One of the most important functions carried out by U.S. intelligence is analysis of the vast quantities of data collected by the sixteen agencies of the intelligence community (IC). To do this job, the IC needs a lot of analysts. Who and where are they?
That has long proved to be a remarkably difficult question for senior officials to answer.
Ten years ago, one such official came up with the seemingly simple idea of creating a database that would record the names, locations, and specialties of all the analysts working in the IC. The computers were duly programmed, but the data were never entered. What went wrong?
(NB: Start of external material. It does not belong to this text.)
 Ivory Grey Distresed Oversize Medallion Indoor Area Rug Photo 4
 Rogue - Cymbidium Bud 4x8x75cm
Thomas Fingar, the director of national intelligence for analysis, and the chairman of the National Intelligence Council, has offered a fascinating explanation in a recent talk at the Council on Foreign Relations. The database, he explained, had been
billed as a “This is where we’ll go if we need to build a task force. We needed a Serbo-Croat speaker to send out to East Armpit.” And people didn’t put that data in. Others — managers — saw it as a free-agent list. “If I advertise what talent I’ve got, somebody . . . will try and steal it.”
The lesson here is that, try as one might to persuade people working in large organizations to cooperate for the common good, nitty-gritty career incentives will always and forever trump everything else.
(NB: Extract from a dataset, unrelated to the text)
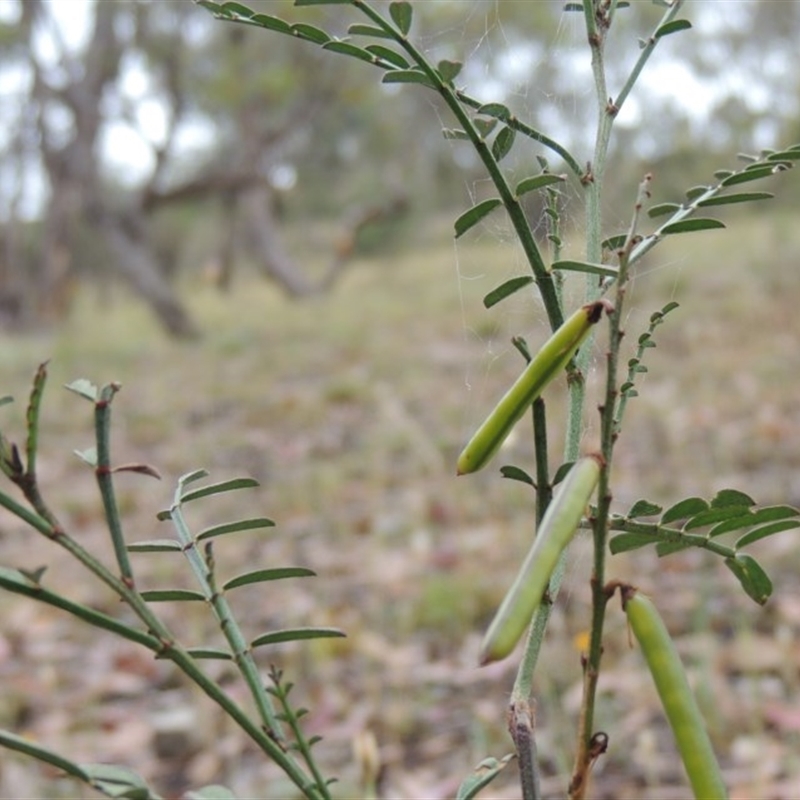 Indigofera adesmiifolia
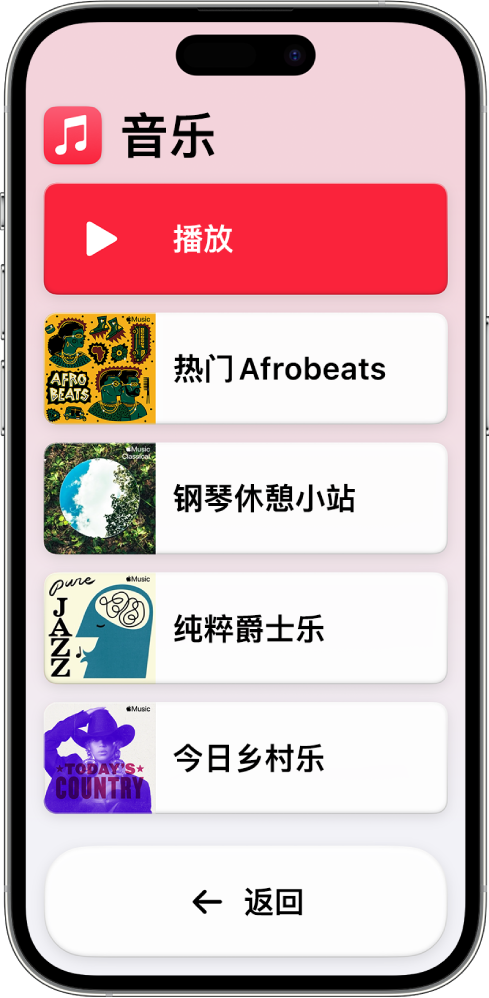 处于辅助访问模式的 iPhone 打开了“音乐” App。屏幕顶部是“播放”按钮，底部是“返回”按钮。屏幕中间填充了多个播放列表组成的列表。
Now, in the aftermath of 9/11 and other intelligence fiascos, the intelligence community is once again trying to create a telephone book. Fingar, who is running the initiative, has put out the word that being in the telephone directory is important: “If you’re not in it, it means one of two things: You don’t know anything, or your boss thinks you don’t know anything.” On top of that, a more draconian signal was sent out: “If you’re not in Fingar’s database, you’re not in a funded position.”
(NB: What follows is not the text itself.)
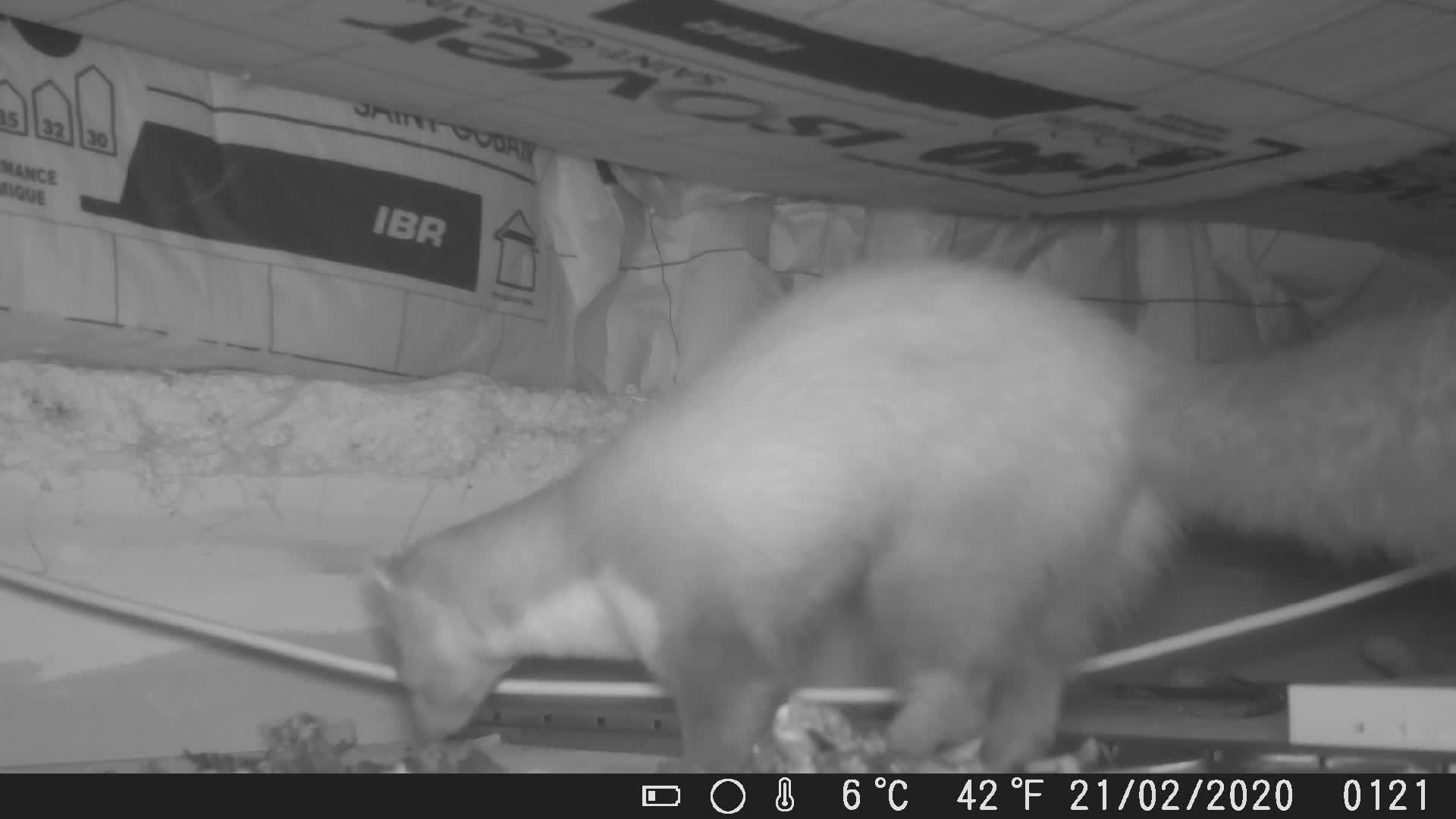 Fouine dans un faux plafond à Saint-Laurent de Mure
The results have been nothing short of astonishing. Reports Fingar:
I suddenly discovered I had 1,200 more analysts than I knew I had, even by estimating. But we can now reproduce phone book, e-mail directories. If you need to find an expert on economics in the Andean region, you can find out where they are, how to contact them. And people are using it.
Hearty congratulations are due the intelligence community. After ten years, it now has a telephone book. But where in the world is Osama bin Laden?